Comment aidez-vous les chrétiens iraniens tout en vivant en Suisse ?

“Dans l’église et la société, j’essaie de sensibiliser à la situation des chrétiens iraniens. Par exemple, je me suis adressé deux fois à l’ONU et je me suis rendu une fois à la Maison Blanche pour parler avec le président de l’époque, Donald Trump, et le vice-président Mike Pence.”

Il y a des manifestations en Iran depuis cinq mois maintenant. Peuvent-elles améliorer la situation des chrétiens en Iran ?

“Les manifestations me donnent de l’espoir. Plusieurs manifestations ont eu lieu en Iran depuis 2009, mais elles se déroulent désormais à plus grande échelle et dans presque toutes les villes du pays. Des rassemblements de masse ont également lieu en Europe pour attirer l’attention sur les droits de l’homme en Iran. Il y avait 80 000 personnes à Berlin en octobre et environ 15 000 à Strasbourg en janvier.

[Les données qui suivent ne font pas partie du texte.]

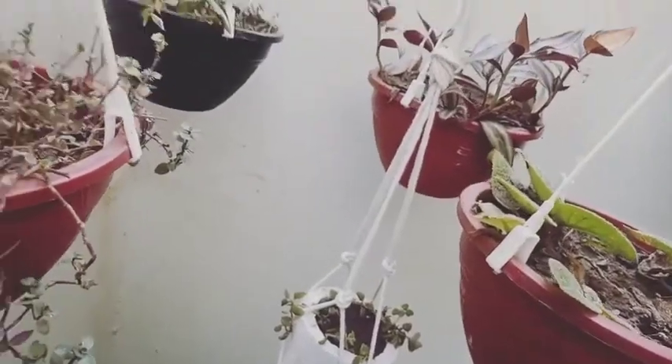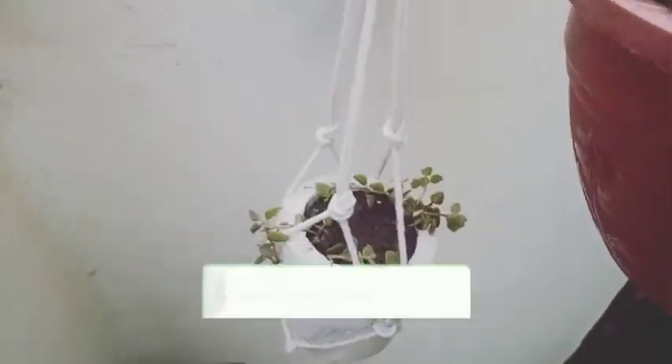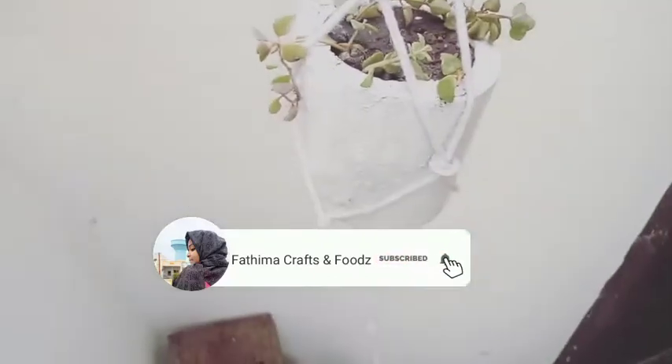Hello, assalamu alaikum, welcome back to my channel Fatima Crops and Foods. I am ready for a 1-minute pot hanger video.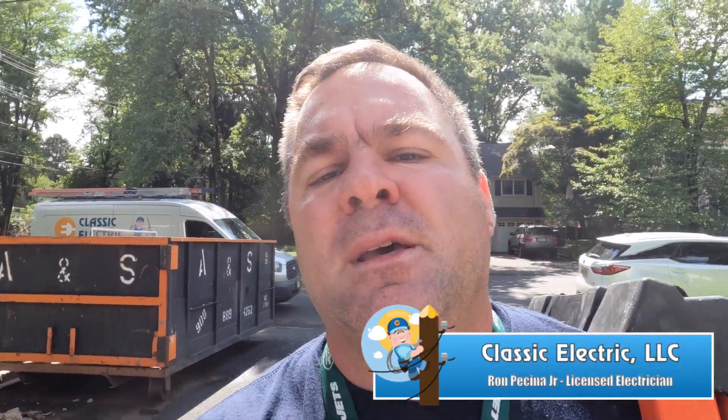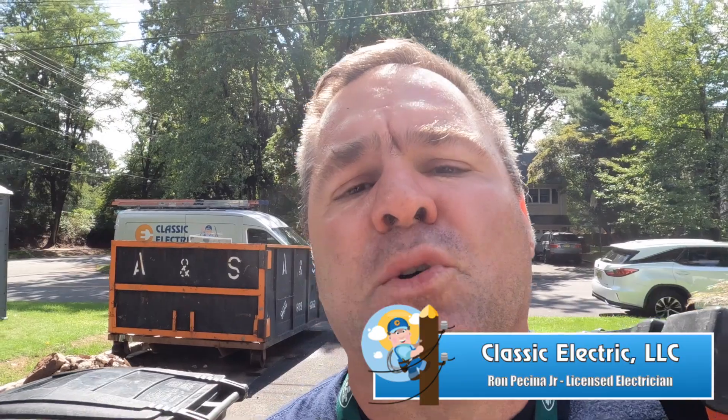Hey, what's up guys? Welcome back to the channel. So today I'm back in Westfield and we're tearing down an existing three season room and we can make some changes, some doors. I'm here today early — they're not done framing just yet — but we're gonna run some new circuits down the basement. Now this house I believe was built in the 1950s and I've been here before. We're gonna run some new wires. Let's go.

“Mais que les protestations améliorent la situation des chrétiens iraniens à court terme, cela j’en doute. Nous voyons que les chrétiens iraniens et les manifestants se battent pour les mêmes principes. Les deux veulent être libres, et les deux sont aujourd’hui opprimés par les autorités. Cela crée un sentiment de communauté.”

Quel est votre souhait pour les chrétiens iraniens ?

“Je veux la liberté, la justice et un traitement humain pour les chrétiens iraniens. Le cœur de Dieu aspire à la justice. La Bible dit même qu’il déteste l’injustice. En tant que croyant, je veux me battre pour cette cause.”